Friday Classic: Old Man

A blood red sun is about to dip below the horizon.  Dogs are in their kennels, collars off.  We head down the dirt road, about to put a great trip in the rearview mirror.  It takes a couple of minutes but I notice my old man, riding shotgun, still has his vest on and his 16 gauge next to him. I asked why.  We were a bird shy of our limit he noted and the last few minutes of shooting could be ripe for one more rooster.

The old man has hunted hard all day and the previous four as well, we all have. But early on in the day his back started acting up.
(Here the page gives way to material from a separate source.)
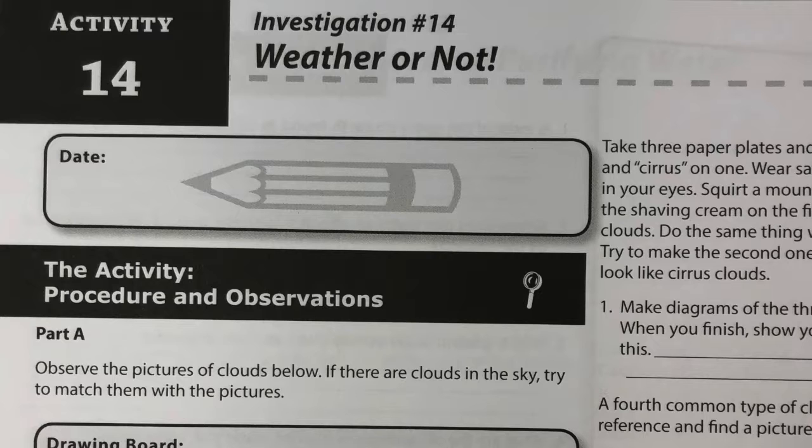In today's lesson, students will investigate the four basic cloud types and the weather often associated with each. They will observe a fog or cloud in a bottle. Have students wear safety glasses as they do this activity.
Later in the day he needed a Valium.  He looked pretty stove up but for some reason he wouldn’t quit.

“That might hold a bird” my buddy jokes from the back seat, pointing to a small patch of cattails just off the road.  “Really” my dad responds, with a level of enthusiasm that outweighed the quality of the cover.  I wish I could say the old man leapt out of the pickup but I’d be lying.  He teetered out.  Looking a bit lost and clumsy he headed toward the cover.

Take a dog at least I offer, letting my old lab out of her kennel.  The old man calls her over and the old lady looks back at me with a look of dismay I won’t soon forget.  She is satiated, with the fresh wounds of a successful hunt to prove it.  She doesn’t deem this to be worth her effort.
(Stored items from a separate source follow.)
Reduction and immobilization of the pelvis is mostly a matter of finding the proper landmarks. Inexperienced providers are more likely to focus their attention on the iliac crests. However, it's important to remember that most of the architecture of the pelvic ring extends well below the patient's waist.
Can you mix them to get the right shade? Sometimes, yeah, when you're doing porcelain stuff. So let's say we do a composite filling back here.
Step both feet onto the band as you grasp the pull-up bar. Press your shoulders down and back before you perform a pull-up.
My buddy and I crack a beer and are laughing at the spectacle from the tailgate when we notice the old lady perk up and disappear into the cattails.  Seconds later a rooster cackles and erupts into the last rays of the days light.  Instinct kicks in and the old man deftly raises his shotgun in a manner that defies the Valium, knocking the bird to the ground.

Forty yards away we look like a couple of college football fans whose team just scored a last second touchdown for the go ahead win. We’re going nuts.  Raising our beers, cheering, high-fiving in the middle of the dirt road with nothing but grasslands as far as the eye can see.
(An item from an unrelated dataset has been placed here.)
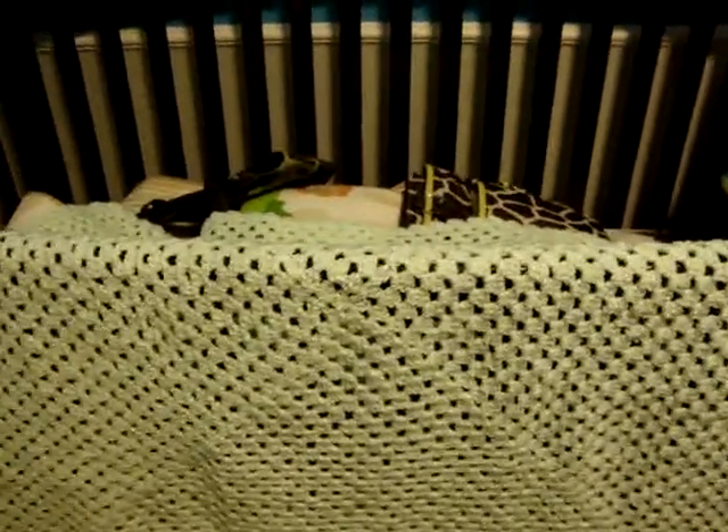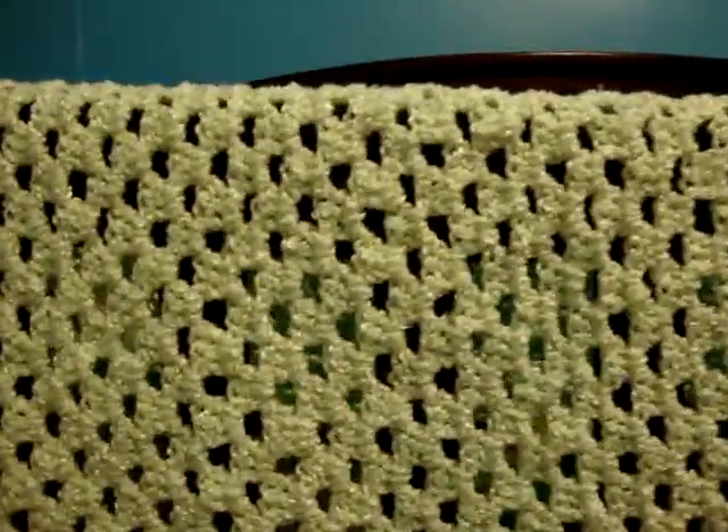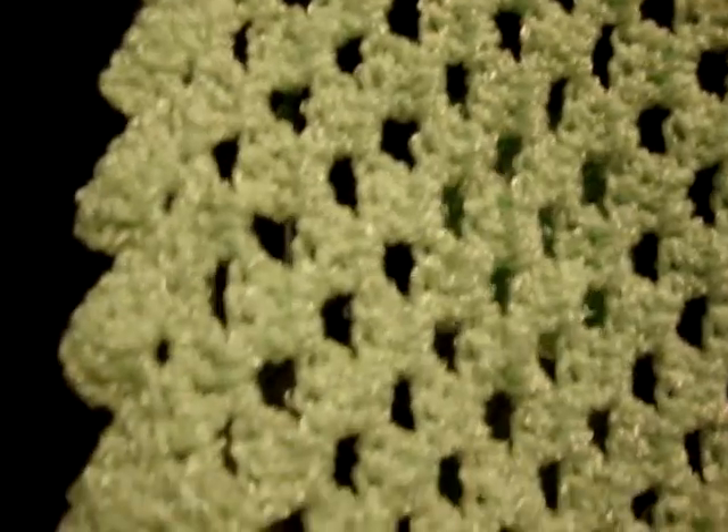Here's the very first blanket I ever made doing crochet. And what it looks like — here's what it looks like up close. And this is the edge that I decided to do, a little scallop edge.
Ruining our celebration, the rooster, wheels intact, squirts out of the cattails, through the barrow ditch and across the road.  The old lady is focused now, tearing up ground and hot on his heels.  A hundred yards down the road the old lady snags the rooster as he heads into the thick stuff.  The celebration ensues with even more exuberance; the old lady brings the bird back to the old man, in what was now the perfect end of a great trip.